1999 song by Naughty by Nature

"Holiday" is the fourth and final single released from American hip hop trio Naughty by Nature's fifth album, Nineteen Naughty Nine: Nature's Fury. The song is built around a slowed-down sample of Change's 1980 single "A Lover's Holiday", written by Davide Romani and Tanyayette Willoughby. "Holiday" was released in October 1999 and was the final release that Naughty by Nature released during their short-lived tenure at Arista Records.

"Holiday" narrowly missed the US Billboard Hot R&B/Hip-Hop Singles & Tracks chart, instead making it to number one on the Bubbling Under R&B/Hip-Hop Singles listing.
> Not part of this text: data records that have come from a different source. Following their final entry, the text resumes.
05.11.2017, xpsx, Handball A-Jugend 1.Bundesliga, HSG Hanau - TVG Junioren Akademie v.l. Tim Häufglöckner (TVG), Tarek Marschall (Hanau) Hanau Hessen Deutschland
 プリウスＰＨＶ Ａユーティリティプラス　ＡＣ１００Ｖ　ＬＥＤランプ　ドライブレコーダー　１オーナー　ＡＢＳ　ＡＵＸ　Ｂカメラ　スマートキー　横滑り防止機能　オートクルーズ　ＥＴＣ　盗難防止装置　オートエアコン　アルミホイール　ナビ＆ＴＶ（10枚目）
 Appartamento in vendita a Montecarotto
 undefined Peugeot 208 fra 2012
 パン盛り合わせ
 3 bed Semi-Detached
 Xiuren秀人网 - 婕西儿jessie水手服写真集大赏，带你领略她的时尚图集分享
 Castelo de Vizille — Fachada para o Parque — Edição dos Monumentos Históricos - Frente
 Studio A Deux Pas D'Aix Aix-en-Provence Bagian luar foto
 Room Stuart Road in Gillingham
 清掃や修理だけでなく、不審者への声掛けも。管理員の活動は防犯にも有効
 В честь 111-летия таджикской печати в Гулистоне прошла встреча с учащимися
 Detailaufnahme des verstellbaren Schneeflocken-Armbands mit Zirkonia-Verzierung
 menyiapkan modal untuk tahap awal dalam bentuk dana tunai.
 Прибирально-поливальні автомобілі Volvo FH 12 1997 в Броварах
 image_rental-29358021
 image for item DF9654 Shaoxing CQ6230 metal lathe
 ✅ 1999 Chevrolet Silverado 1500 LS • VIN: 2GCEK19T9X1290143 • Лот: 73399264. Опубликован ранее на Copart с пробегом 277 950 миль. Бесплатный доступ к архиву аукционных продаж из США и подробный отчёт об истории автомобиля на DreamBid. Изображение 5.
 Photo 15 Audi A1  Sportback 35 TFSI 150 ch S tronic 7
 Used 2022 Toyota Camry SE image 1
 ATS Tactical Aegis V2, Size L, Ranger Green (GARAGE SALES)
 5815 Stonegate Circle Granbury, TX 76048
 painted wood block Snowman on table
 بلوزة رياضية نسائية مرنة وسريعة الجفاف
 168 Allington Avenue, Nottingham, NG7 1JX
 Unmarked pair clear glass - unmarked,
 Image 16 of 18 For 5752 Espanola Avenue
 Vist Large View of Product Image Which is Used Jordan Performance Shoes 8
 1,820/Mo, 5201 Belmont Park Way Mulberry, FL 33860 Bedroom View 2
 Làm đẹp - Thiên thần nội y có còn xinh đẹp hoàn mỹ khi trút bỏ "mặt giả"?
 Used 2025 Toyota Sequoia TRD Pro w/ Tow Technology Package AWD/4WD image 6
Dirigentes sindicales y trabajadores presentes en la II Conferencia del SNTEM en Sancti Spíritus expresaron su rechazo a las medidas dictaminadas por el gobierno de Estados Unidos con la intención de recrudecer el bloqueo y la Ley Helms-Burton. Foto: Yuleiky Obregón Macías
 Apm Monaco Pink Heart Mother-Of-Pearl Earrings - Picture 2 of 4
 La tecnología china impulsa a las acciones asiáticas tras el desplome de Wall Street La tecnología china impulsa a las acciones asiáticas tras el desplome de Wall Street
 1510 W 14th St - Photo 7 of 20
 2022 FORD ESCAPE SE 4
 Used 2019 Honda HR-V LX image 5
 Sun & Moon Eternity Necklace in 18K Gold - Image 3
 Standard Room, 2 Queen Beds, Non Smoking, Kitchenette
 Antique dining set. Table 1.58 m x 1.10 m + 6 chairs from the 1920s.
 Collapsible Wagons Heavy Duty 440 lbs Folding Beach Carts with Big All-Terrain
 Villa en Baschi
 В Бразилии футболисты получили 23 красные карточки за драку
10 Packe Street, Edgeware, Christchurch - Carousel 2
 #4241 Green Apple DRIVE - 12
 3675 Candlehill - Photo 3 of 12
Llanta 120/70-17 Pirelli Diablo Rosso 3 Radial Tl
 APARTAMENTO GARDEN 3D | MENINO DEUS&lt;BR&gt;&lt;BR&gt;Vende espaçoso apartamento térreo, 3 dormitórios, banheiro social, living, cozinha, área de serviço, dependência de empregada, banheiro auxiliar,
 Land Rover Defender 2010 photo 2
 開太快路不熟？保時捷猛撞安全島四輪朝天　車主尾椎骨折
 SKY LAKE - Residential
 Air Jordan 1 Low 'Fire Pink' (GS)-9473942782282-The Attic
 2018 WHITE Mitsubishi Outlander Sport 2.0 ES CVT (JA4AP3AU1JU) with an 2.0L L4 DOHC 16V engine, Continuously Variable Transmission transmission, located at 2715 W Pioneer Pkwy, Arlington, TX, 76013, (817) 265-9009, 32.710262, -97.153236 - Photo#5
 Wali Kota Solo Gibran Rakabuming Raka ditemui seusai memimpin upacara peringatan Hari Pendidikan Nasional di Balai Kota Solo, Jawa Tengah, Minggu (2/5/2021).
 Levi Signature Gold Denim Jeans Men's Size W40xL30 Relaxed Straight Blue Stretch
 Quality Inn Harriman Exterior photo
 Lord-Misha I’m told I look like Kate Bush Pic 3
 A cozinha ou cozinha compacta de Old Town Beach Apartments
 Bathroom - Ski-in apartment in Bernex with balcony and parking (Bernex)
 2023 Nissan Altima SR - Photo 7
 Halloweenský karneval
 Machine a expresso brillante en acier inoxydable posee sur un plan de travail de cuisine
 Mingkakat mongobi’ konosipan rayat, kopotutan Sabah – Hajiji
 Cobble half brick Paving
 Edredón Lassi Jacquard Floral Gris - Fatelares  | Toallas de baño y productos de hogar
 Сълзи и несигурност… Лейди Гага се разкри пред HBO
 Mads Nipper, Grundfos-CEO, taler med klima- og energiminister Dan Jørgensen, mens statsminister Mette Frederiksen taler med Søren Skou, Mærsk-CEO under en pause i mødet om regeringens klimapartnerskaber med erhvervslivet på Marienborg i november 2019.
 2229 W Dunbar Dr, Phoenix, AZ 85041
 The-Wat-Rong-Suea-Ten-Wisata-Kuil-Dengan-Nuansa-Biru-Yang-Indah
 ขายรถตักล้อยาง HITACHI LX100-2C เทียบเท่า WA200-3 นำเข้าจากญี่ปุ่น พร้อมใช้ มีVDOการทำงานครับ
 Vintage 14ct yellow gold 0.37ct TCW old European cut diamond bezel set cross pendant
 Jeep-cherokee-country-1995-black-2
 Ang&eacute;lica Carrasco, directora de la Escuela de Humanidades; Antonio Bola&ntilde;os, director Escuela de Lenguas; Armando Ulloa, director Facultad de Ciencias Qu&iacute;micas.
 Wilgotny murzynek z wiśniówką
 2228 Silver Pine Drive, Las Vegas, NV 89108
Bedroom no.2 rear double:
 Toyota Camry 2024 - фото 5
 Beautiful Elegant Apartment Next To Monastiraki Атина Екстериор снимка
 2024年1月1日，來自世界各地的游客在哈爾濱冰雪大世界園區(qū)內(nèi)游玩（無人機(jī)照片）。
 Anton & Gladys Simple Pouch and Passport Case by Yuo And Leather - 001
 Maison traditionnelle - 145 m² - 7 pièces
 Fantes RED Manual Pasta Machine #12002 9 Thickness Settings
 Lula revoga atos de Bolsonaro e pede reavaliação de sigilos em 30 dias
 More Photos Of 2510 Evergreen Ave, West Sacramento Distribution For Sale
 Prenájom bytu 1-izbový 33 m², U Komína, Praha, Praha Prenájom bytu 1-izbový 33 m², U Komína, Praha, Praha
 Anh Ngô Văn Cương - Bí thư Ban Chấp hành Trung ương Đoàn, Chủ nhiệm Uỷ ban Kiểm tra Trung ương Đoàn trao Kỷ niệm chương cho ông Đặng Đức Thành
Worldwide, the single reached number six on Canada's RPM Dance chart, number eight in Australia, and number 50 in France.

==Track listings==
Australian and European CD single
1. "Holiday" (radio mix) – 4:10
2. "Holiday" (Hot 40 remix) – 3:59
3. "Holiday" (radio mix instrumental) – 4:10
4. "On the Run" (radio mix) – 3:21
5. "On the Run" (radio mix instrumental) – 3:21

French CD and 12-inch single
1. "Holiday" – 4:08
2. "Live or Die" (radio mix) – 3:41

==Charts==

===Weekly charts===

| Chart (1999–2000) | Peak position |
|---|---|
| Australia (ARIA) | 8 |
| Canada Dance/Urban (RPM) | 6 |
| France (SNEP) | 50 |
| US Bubbling Under R&B/Hip-Hop Songs (Billboard) | 1 |

===Year-end charts===

| Chart (2000) | Position |
|---|---|
| Australia (ARIA) | 37 |

==Certifications==

| Region | Certification | Certified units/sales |
| Australia (ARIA) | Platinum | 70,000^{^} |
^{^} Shipments figures based on certification alone.